Supplied data:
* * *
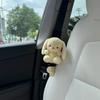 Plush West Highland Rabbit Car Seatbelt Shoulder Pad, Cute and Comfortable for All Seasons, Anti-Strangling Safety Strap Decoration for Car Interior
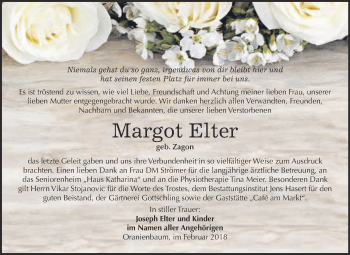 Traueranzeige von Margot Elter von Super Sonntag Wittenberg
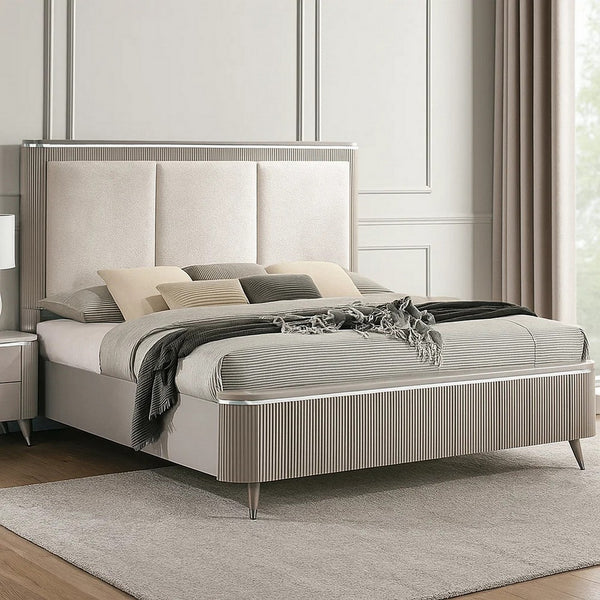 Gema Queen Bed, Channeled Upholstery, Reeded w Silver Line, Light Gray  - BM342501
* * *
Exercise details:
Transcribe the listing word for word, but keep its pictures out of the copy.

Written answer:
 Plush West Highland Rabbit Car Seatbelt Shoulder Pad, Cute and Comfortable for All Seasons, Anti-Strangling Safety Strap Decoration for Car Interior
 Traueranzeige von Margot Elter von Super Sonntag Wittenberg
 Gema Queen Bed, Channeled Upholstery, Reeded w Silver Line, Light Gray  - BM342501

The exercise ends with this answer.